Electrochemical behavior of LiCoO2 in a saturated aqueous Li2SO4 solution

The electrochemical behavior of a commercial LiCoO2 with spherical shape in a saturated Li2SO4 aqueous solution was investigated with cyclic voltammetry and electrochemical impedance spectroscopy. Three redox couples at ESCE = 0.87/0.71, 0.95/0.90 and 1.06/1.01 V corresponding to those found at ELi/Li+=4.08/3.83ELi/Li+=4.08/3.83, 4.13/4.03 and 4.21/4.14 V in organic electrolyte solutions were observed. The diffusion coefficient of lithium ions is 1.649 × 10−10 cm2 s−1, close to the value in organic electrolyte solutions. The results indicate that the intercalation and deintercalation behavior of lithium ions in the Li2SO4 solution is similar to that in the organic electrolyte solutions. However, due to the higher ionic conductivity of the aqueous solution, current response and reversibility of redox behavior in the aqueous solution are better than in the organic electrolyte solutions, suggesting that the aqueous solution is favorable for high rate capability.
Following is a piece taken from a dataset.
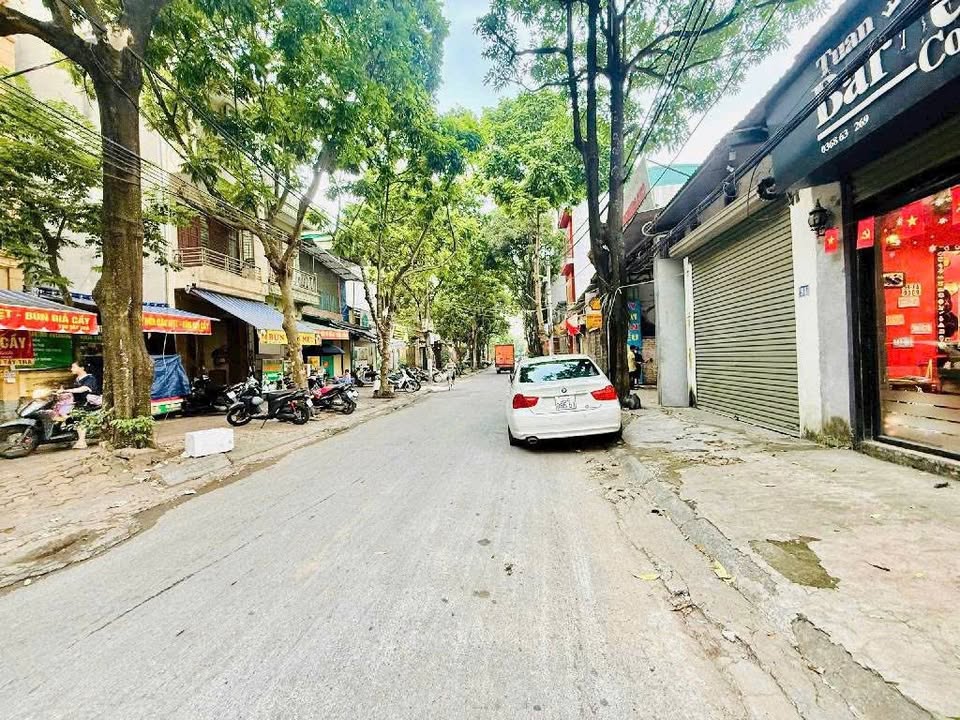 Nhà Lĩnh Nam 90m² 3 Tầng - Ô Tô Tránh, Kinh Doanh Sầm Uất, Giá 4.x Tỷ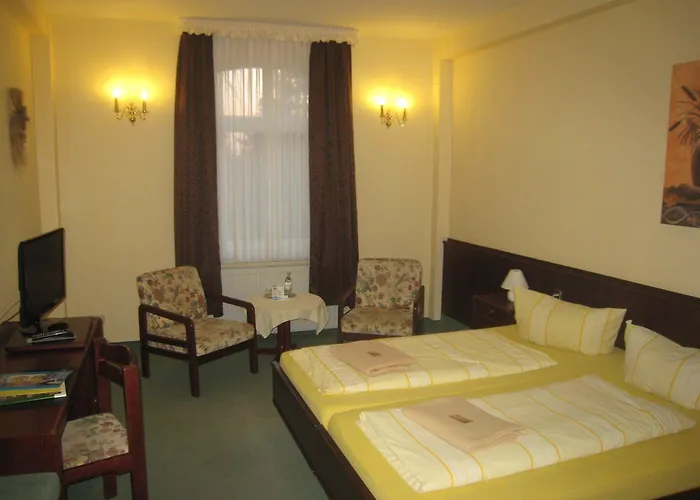 Schoene Aussicht Hotell 3*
The charge transfer resistance, the exchange current and the capacitance of the double layer vary with the charge voltage during the deintercalation process. At the peak of the oxidation (0.87 V), the charge transfer resistance is the lowest. These fundamental results provide a good base for exploring new safe power sources for large scale energy storage.